Cue Brian Michael Lawrence- Editorial Director for Sinclair Broadcast Group, former Editor of Baltimore Style, and a man who is always eating at the best restaurants. You know the ones that have a four-month wait list. I cornered him recently and got the skinny on how to eat large.

Q: What are you biggest dining pet peeves?


-People who take too long to decide what to eat. I just want to say “Just order something! It’s not your last meal—you’ll have opportunities to eat again!”

-People who dicker over check-splitting—the worst! If you’re dining out with a group, split the check equally– pay whatever your split is. The one exception: the person who insists on ordering ridiculously expensive bottles of wine. If you’re that person, the polite thing to do then is to tell everyone at the table that you’ll cover it.

-People who are under-dressed for fine-dining restaurants. Restaurants have really fallen down recently about enforcing dress codes—and it spoils the experience for everyone else in the dining room. They should be given the option to eat in the bar, or politely turned away. Same goes for clueless clods who wear hats into the restaurant. They should be told to remove them by the hostess or maître d’.

-People who insist on trying to substitute items from what’s being offered. The chef has put thought into how the dish is prepared and what it’s served with—go with his vision

Q: I often have food envy. How do you always get the best thing on the menu?


-A tip from several chef friends of mine: You’ll always get a great steak at a seafood restaurant (and vice-versa). The rationale is this: in the kitchen at a seafood house, there’s one person whose job it is to cook a steak order if it comes in, and they’ll put the proper attention into it to make sure it’s the best-done steak coming out of that kitchen.

-I’m a believer in asking the waiter for their recommendation, or telling them my top two or three choices and asking which I should go with. They’ll rarely steer you wrong.

Q: When traveling in the United States, where must you dine?


-NYC: Old favorites include Balthazar, Minetta Tavern and Pastis. However, a newer go-to is Nomad.

-New Orleans: Strictly old-school—Galatoire’s. Right on Bourbon Street, and Friday lunch there is an hours-long, booze-soaked bacchanal. So Southern.

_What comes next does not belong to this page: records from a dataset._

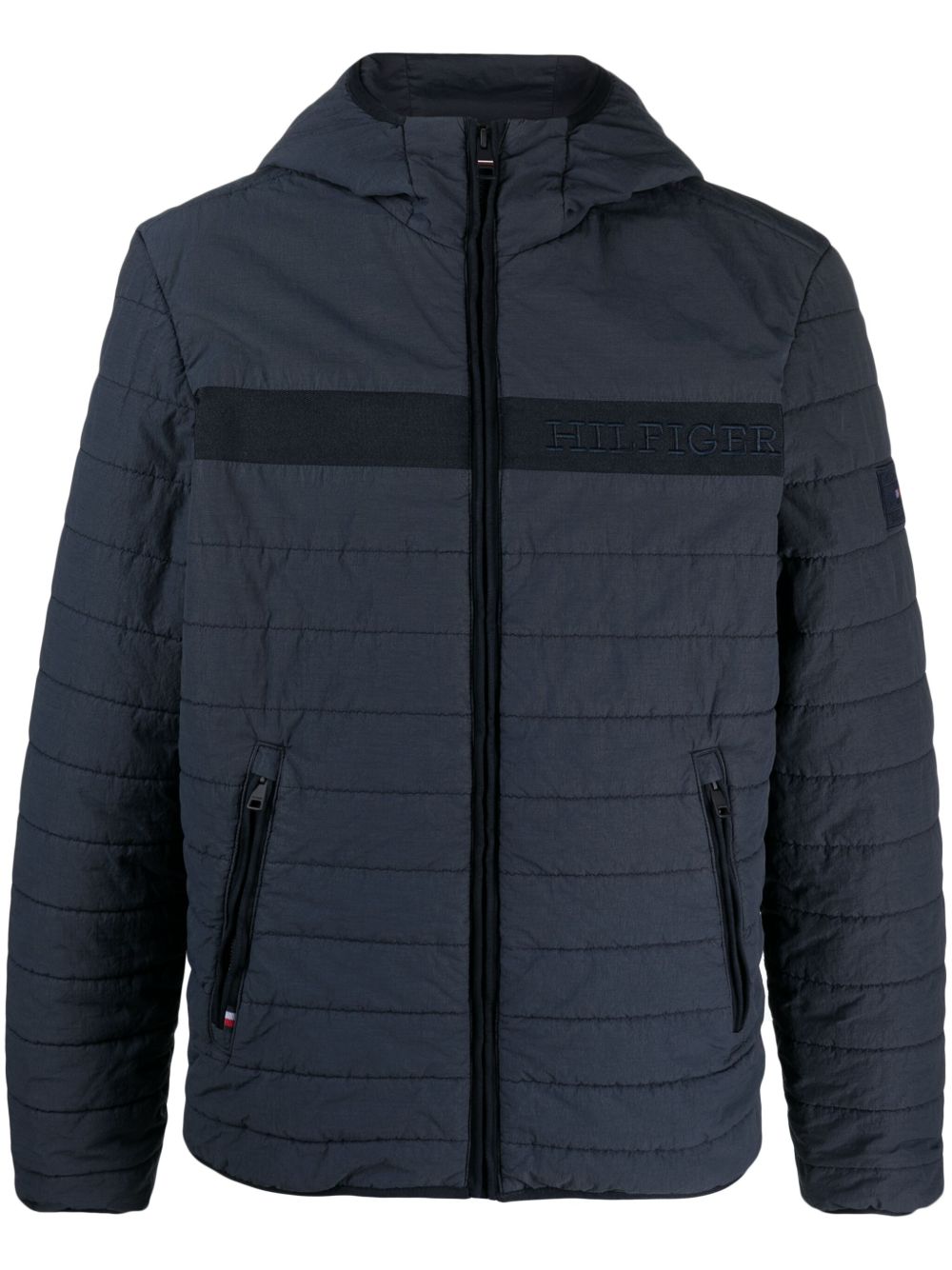 Tommy Hilfiger logo刺绣填充连帽夹克 - 蓝色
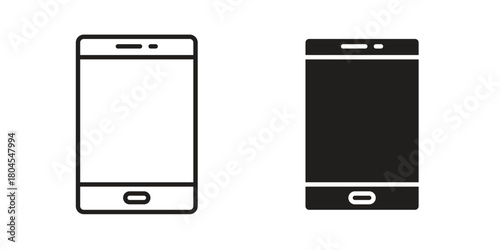 Smartphone icon symbol. Illustration for web and mobile app. Line and solid style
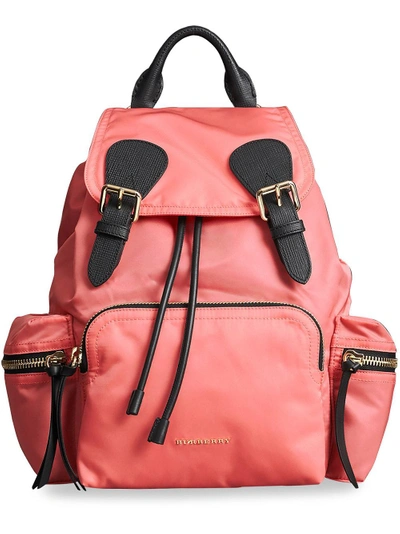 Shop Burberry The Medium Rucksack In Technical Nylon And Leather - Pink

-LA: Not to be cliché, but we always eat in the courtyard at the Chateau Marmont. I know, I know, but seriously—it really is great food—especially the spaghetti and meatballs. Also for an Old Hollywood Atmosmphere try Musso & Frank.

-Miami: Barton G has a gorgeous outdoor garden dining space. I Love everything on the menu at Michael’s Genuine Food & Drink. Also, The Dutch at the W Hotel for casual dining, and the Cypress Room, in the design district, for a nice meal. Oh, and I love the whole experience at The Forge: an old-school dining experience with a super-cool modern spin.

-Aspen: Another classic—Ajax Tavern. Right in the center of everything. YOU MUST ORDER THE DOUBLE CHEESEBURGER. That is all.

Q: I am always jealous of the people who are obviously loved (and taken care of) by the wait staff. How do you achieve that level of familiarity?



-Have a standard cocktail order. They’ll remember you for it. (Frankly, everyone over the age of 30 should have a standard go-to drink that they can order without thinking. No dithering over a “martini list”—that’s a contradiction in terms right there.) **bonus points if you figure out “your drink” in your 20s.

-Eat at the bar sometimes. Aside from saving a wait for a table, you’ll be served faster, and have a chance to become acquainted with the bartenders and other people around you, who are likely regulars.

-Dine at a place semi-regularly, so you’ll become familiar, and call ahead to let them know you’re coming. It’s good to get your name out there.

-Tip well. Always.

Keep all of this in mind and you really should be on the road to dining heaven. However, I have one last tip. If you have a great experience, always ask to thank the manager. Giving thanks is always a way to get some extra loving. This was how I recently got a view from the top of D.C’s acclaimed Charlie Palmers elusive roof top deck. Thank you goes a long way.